I've also seen these CATx RJ-45 cables used between boxes where there is no transformer isolation. That was the case for a KVM extender, which showed image distortion and shut down during bulk current injection tests, a clamp transformer which injects modulated 10V common mode noise.

SMA uses RJ-45 cables for both their bus between Sunny Island battery inverters (similar communications and sync signals), also for communications from SI to older Sunny Boy battery inverters, switching between UL-1741 on-grid and "island" off-grid modes, and to monitoring hardware. Those are not transformer isolated, and both (I think) run 1200 baud. Newer SMA models use "SpeedWire" which is Ethernet so isolated.

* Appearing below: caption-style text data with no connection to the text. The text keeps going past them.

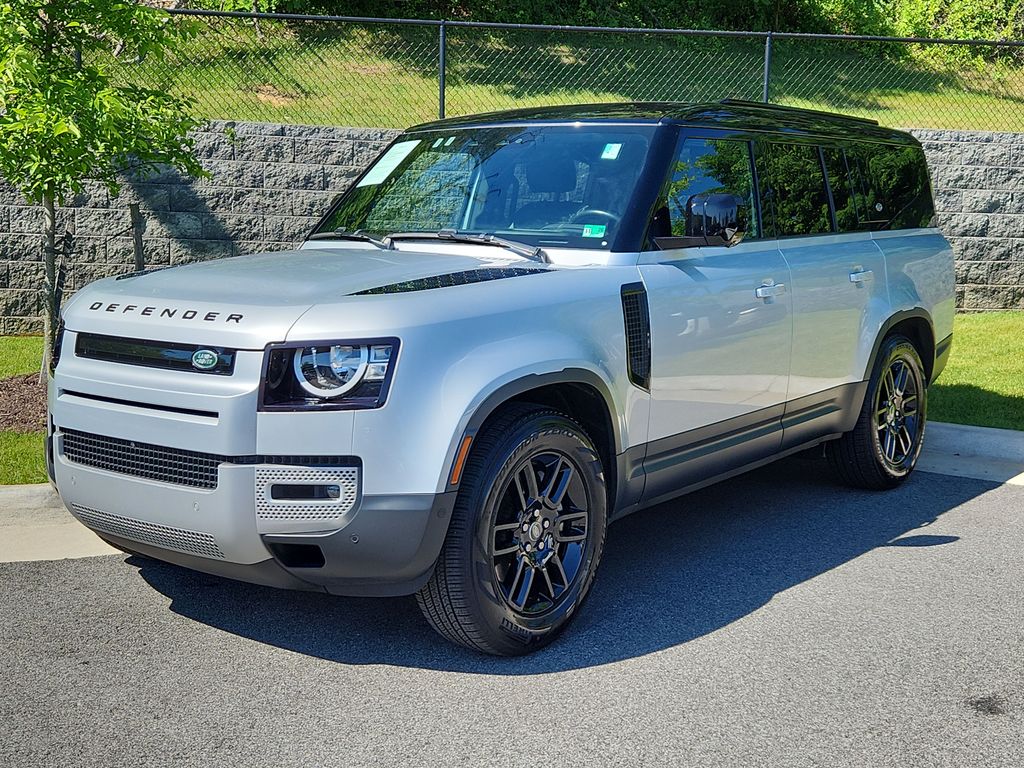 2023 Land Rover Defender S's photo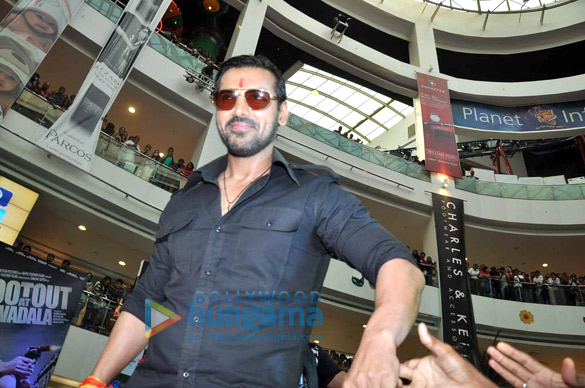 john anil tusshar promote shootout at wadala at infinity mall malad 4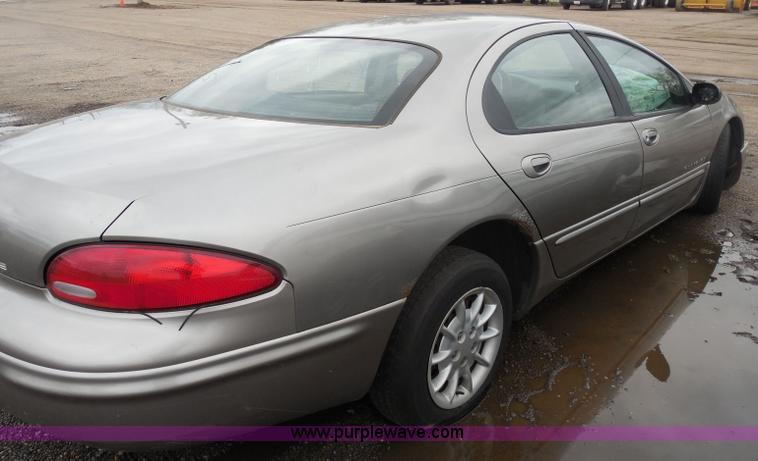 image for item H3626 1998 Chrysler Concorde LX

I use Profinet a lot with Siemens controllers and drives. They can run safety signals across standard Ethernet. Estops, machine coordination, light curtains, and safety switch status (redundant, dual channel), Safe Torque off and safe shutdown for drives can all be run on Ethernet. So Ethernet can be very robust. But if comms arent perfect everything will shutdown. Perhaps Luxpower should have spent a few bucks and done it right the first time and put it all on Ethernet instead of just using cheap Ethernet cables.
Its not like the inverters are cheap.
 
I don't know if this has been asked, but is there an external device for overvoltage protection that could be installed next to the inverter and used to prevent the 400+ volts from being sent down the line? This wouldn't negate the need for the inverters to detect and handle this serious issue, but could be at least an additional safety item, kind of like fuses? I'm not an expert so I don't know if something like this is possible.
 
If an inverter is prone to that issue, it should simply be avoided. I havent heard if anything was done about this problem, but now that its known, its pretty easy to avoid.
There are voltage sensitive devices which can be used to trip a breaker. But that doesnt mean you wont have damaged appliances and electronic devices.
 
I use Profinet a lot with Siemens controllers and drives. They can run safety signals across standard Ethernet. Estops, machine coordination, light curtains, and safety switch status (redundant, dual channel), Safe Torque off and safe shutdown for drives can all be run on Ethernet. So Ethernet can be very robust. But if comms arent perfect everything will shutdown. Perhaps Luxpower should have spent a few bucks and done it right the first time and put it all on Ethernet instead of just using cheap Ethernet cables.
Its not like the inverters are cheap.
Isn't CANBUS the industry standard with inverters I don't think they will change over to ethernet which is 802.3 IEEE standard communication protocol. Seems to me that any communication errors should cause a fault shut down both inverters I suppose this cross cable got past their checks. Good reason to always check voltages before flipping breakers.